#### [INFORMATION SHOWN]
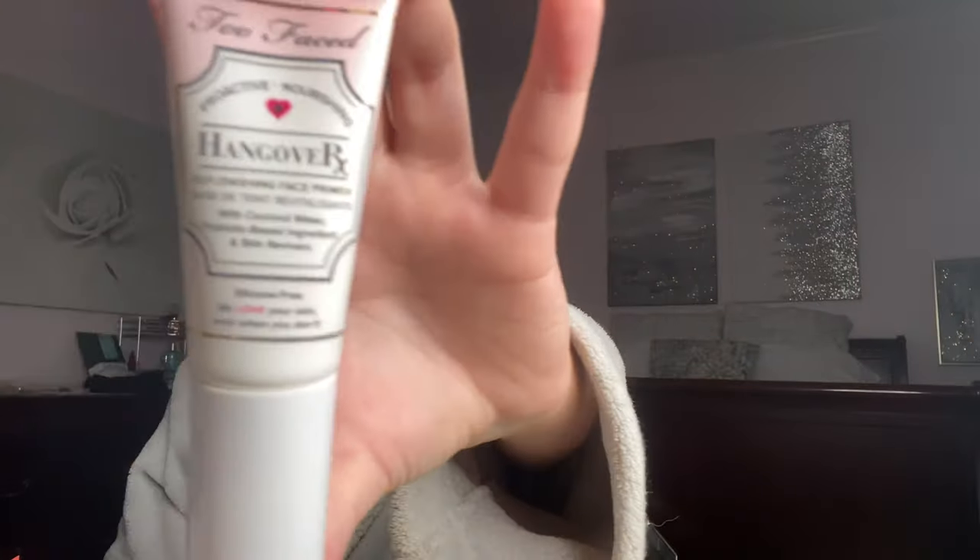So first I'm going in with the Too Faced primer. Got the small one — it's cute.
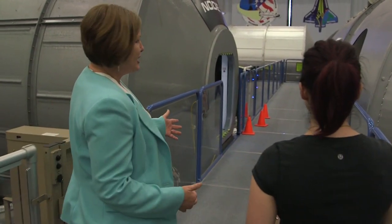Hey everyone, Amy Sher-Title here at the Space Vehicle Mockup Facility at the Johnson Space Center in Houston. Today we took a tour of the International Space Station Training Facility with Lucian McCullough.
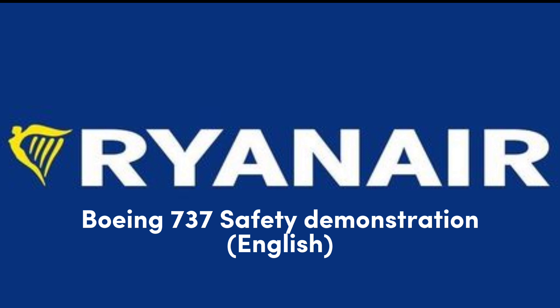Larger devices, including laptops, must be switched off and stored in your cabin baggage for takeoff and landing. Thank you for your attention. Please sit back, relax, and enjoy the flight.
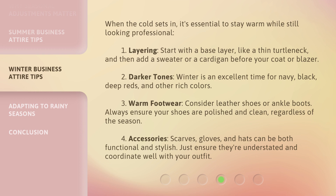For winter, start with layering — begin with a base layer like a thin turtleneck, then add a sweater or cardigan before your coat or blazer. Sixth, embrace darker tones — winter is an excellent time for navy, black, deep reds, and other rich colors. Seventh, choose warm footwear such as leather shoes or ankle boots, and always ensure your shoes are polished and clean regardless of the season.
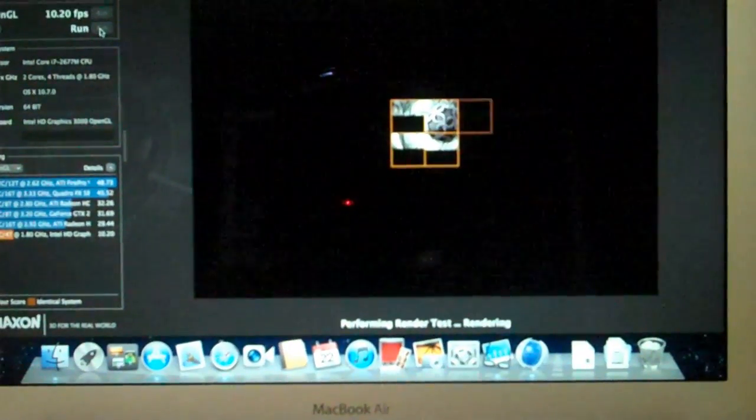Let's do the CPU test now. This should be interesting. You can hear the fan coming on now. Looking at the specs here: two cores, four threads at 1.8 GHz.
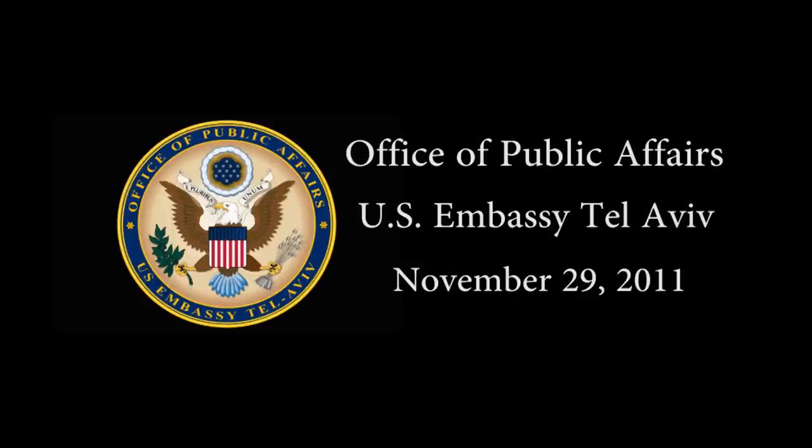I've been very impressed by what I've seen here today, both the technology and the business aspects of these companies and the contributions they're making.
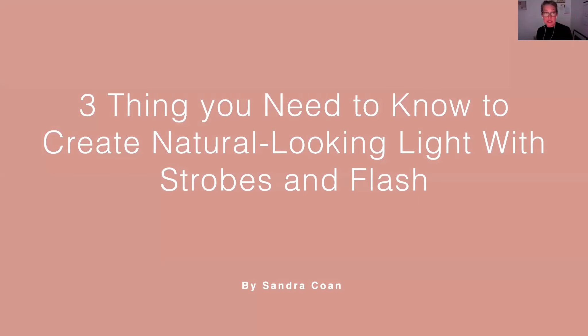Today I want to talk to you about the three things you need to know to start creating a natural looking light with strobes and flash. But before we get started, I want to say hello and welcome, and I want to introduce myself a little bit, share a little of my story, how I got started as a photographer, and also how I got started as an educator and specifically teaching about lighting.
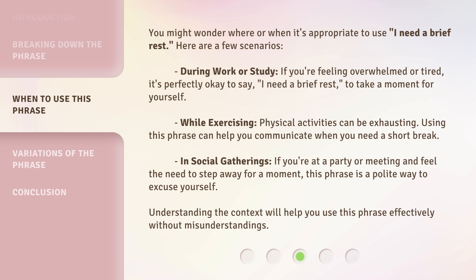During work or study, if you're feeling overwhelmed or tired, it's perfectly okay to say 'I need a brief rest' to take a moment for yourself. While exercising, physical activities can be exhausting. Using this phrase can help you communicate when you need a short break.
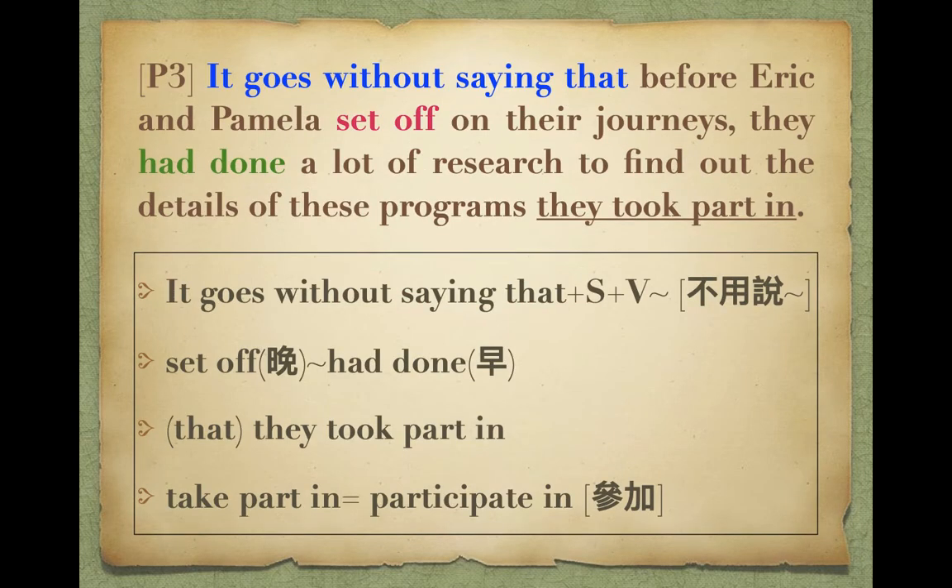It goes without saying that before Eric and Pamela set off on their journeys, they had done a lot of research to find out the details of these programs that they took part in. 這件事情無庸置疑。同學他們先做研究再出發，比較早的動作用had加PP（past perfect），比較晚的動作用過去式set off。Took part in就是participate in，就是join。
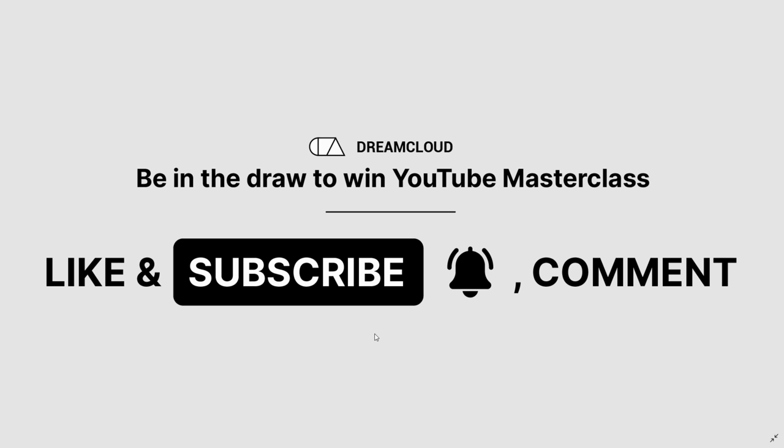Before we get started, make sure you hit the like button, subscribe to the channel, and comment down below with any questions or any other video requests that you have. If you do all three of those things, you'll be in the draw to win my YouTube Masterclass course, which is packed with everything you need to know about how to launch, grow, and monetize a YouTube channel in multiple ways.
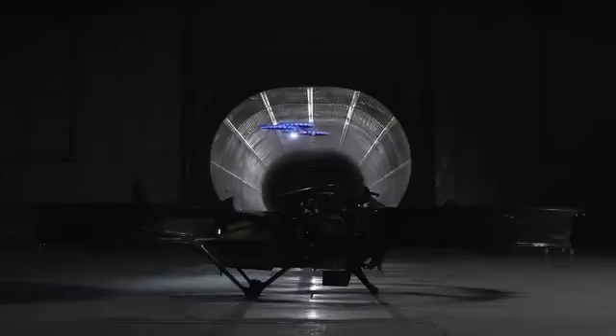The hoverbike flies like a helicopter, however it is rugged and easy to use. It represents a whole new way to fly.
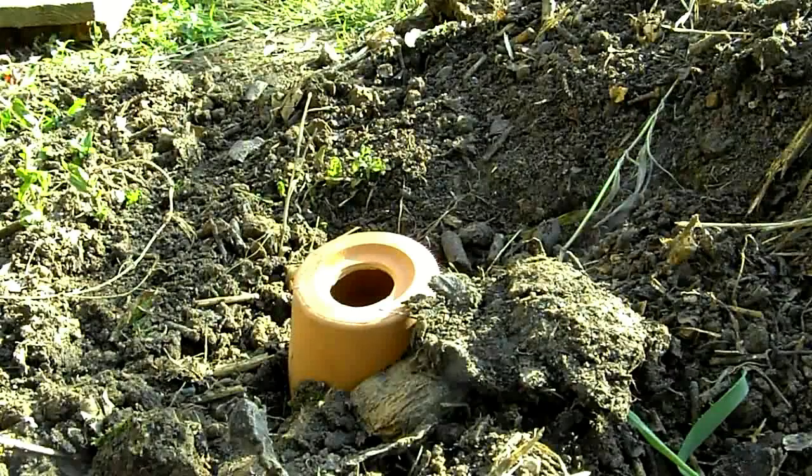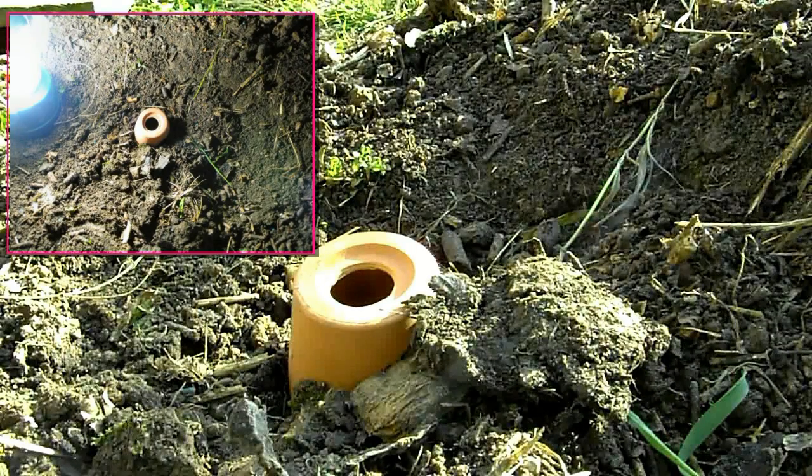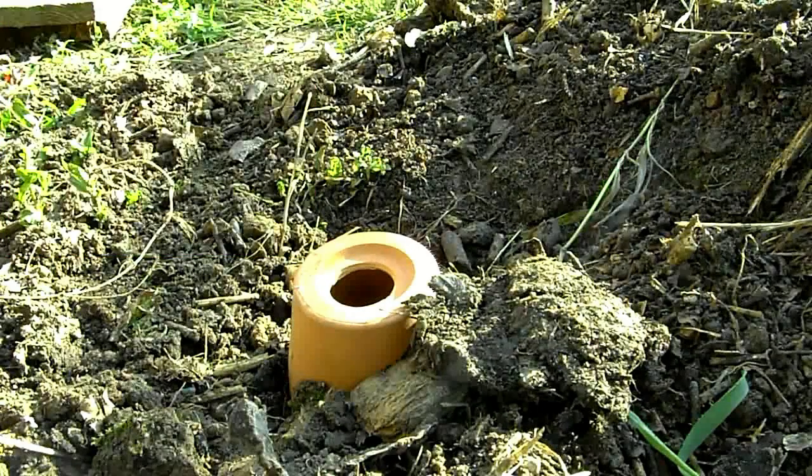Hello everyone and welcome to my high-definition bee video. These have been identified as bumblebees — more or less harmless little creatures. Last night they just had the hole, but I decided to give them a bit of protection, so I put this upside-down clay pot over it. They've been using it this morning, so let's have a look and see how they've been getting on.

#### [EXERCISE DIRECTIONS]
An exact copy of the data above is required, printed without its pictures.

#### [SOLUTION]
So first I'm going in with the Too Faced primer. Got the small one — it's cute.
Hey everyone, Amy Sher-Title here at the Space Vehicle Mockup Facility at the Johnson Space Center in Houston. Today we took a tour of the International Space Station Training Facility with Lucian McCullough.
Larger devices, including laptops, must be switched off and stored in your cabin baggage for takeoff and landing. Thank you for your attention. Please sit back, relax, and enjoy the flight.
For winter, start with layering — begin with a base layer like a thin turtleneck, then add a sweater or cardigan before your coat or blazer. Sixth, embrace darker tones — winter is an excellent time for navy, black, deep reds, and other rich colors. Seventh, choose warm footwear such as leather shoes or ankle boots, and always ensure your shoes are polished and clean regardless of the season.
Let's do the CPU test now. This should be interesting. You can hear the fan coming on now. Looking at the specs here: two cores, four threads at 1.8 GHz.
I've been very impressed by what I've seen here today, both the technology and the business aspects of these companies and the contributions they're making.
Today I want to talk to you about the three things you need to know to start creating a natural looking light with strobes and flash. But before we get started, I want to say hello and welcome, and I want to introduce myself a little bit, share a little of my story, how I got started as a photographer, and also how I got started as an educator and specifically teaching about lighting.
During work or study, if you're feeling overwhelmed or tired, it's perfectly okay to say 'I need a brief rest' to take a moment for yourself. While exercising, physical activities can be exhausting. Using this phrase can help you communicate when you need a short break.
It goes without saying that before Eric and Pamela set off on their journeys, they had done a lot of research to find out the details of these programs that they took part in. 這件事情無庸置疑。同學他們先做研究再出發，比較早的動作用had加PP（past perfect），比較晚的動作用過去式set off。Took part in就是participate in，就是join。
Before we get started, make sure you hit the like button, subscribe to the channel, and comment down below with any questions or any other video requests that you have. If you do all three of those things, you'll be in the draw to win my YouTube Masterclass course, which is packed with everything you need to know about how to launch, grow, and monetize a YouTube channel in multiple ways.
The hoverbike flies like a helicopter, however it is rugged and easy to use. It represents a whole new way to fly.
Hello everyone and welcome to my high-definition bee video. These have been identified as bumblebees — more or less harmless little creatures. Last night they just had the hole, but I decided to give them a bit of protection, so I put this upside-down clay pot over it. They've been using it this morning, so let's have a look and see how they've been getting on.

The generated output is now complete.